Monday, October 7, 2013
I heard Seth talk about the SumStats framework (previously the measurements framework) at this past Bro Exchange. The presentation material was dense and at times difficult to follow. I had a previous interest in applying statistical measurements to Bro logs through R, but ran into memory issues (R is greedy), so I tried to understand as much about the framework as possible. The first time I read Seth and Aashish's udp_scan script, I had no clue what was going on. I dug into the SumStats framework's source and after banging my head on my keyboard long enough, it came to me.
SumStats isn't overly complex, it's just complex enough.
In this post I hope to shed some light on how the SumStats framework achieves scalable statistics you can use to determine what is "normal" on your network (or in your trace files). Below are some important terms SumStats relies on that you should be familar with upfront.
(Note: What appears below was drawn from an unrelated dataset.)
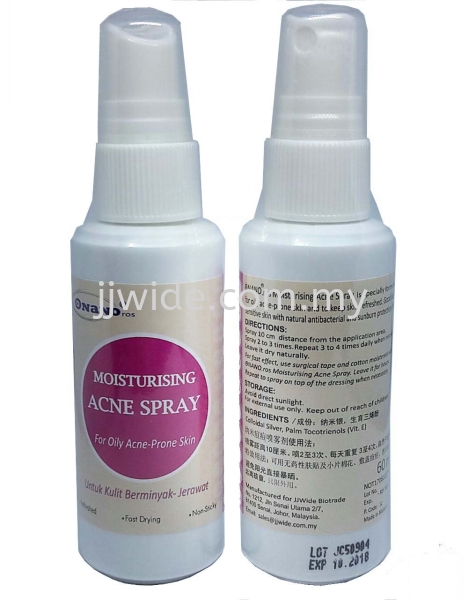 ONANO.ros Moisturising Acne Spray (60ml) HEALTH- Hygiene Senai, Johor, Malaysia Supply, Supplier, Suppliers | JJWIDE Biotrade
interval - a set amount of time
threshold - a maximum or minimum limit to something
calculation - calculations that can be applied to a set of observations (average, max, min, sample, std, etc)
key - a thing which is having observations collected about it (an IP address, an HTTP host header, port) (similar to an indicator in the intel framework)
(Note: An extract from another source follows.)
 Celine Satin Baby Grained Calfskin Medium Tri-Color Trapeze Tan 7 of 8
observation - a piece of data associated with a key (fed to a reducer and ultimately a calculation)
reducer - a named set of operations to apply to keys and observations (including a set of calculations, a filtering function, and a key normalizer)
resultval - the value resulting from a calculation being applied to an observation (happens through a reducer)
result - a table of resultvals (multiple results can exist as multiple calculations can be applied to a single observation)
resultTable - a table of results (a table of tables)
SumStat - a named collection of reducers, intervals, thresholds and handling functions
For each key, a series of observations will occur over an interval of time. These observations are passed to a reducer that applies one or more calculations to each observation and produces a result. Result values are collected into tables. Upon a result exceeding a user defined threshold some single action can be taken, some action can be taken for each key, or both. Upon reaching the end of a user defined interval of time some single action can be taken, some action can be taken for each key, or both.
Because computer communications can happen at big and fast bursts, keeping a large amount of state is required for using the framework. To help reduce the memory footprint the SumStats framework works only with streaming algorithms (something I'd never been exposed to until working with Bro). This ensures if you've told Bro to measure something, for example the average value of all SYN sequence numbers, and all of a sudden that something happens big and fast (a SYN flood), Bro won't tip over.
Here is an example script that makes use of the SumStats framework. It measures the total amount of bytes sent by each host each day and the average number of bytes sent by each host every week. Keeping this historic data could help a network operator determine 'normal' transfer amounts per hosts. This script could easily be adapted to "summary statistic" the total bytes sent to a remote host per SSL certificate.
The script defines two intervals for my script. tx_summer_interval breaks every 1 "days" (I use minutes so you can see the script run in ~10 minutes instead of 1 week) and tx_aver_interval breaks every 1 "week". day_of_week maps day names to numbers. A day counter and a week counter are defined to be used as SumStat intervals (the actual value is a called $epoch in the SumStat record). Two reducers are defined. One is for summing, the other is for averaging. Two SumStat objects are declared; one is for averaging one is for summing.
Summing observations are sent to the summing SumStat object when a connection's state is removed. Averaging observations are sent to the averaging SumStat object when a summing result is calculated.
The SumStats framework took me a bit to wrap my head around but it's pretty neat.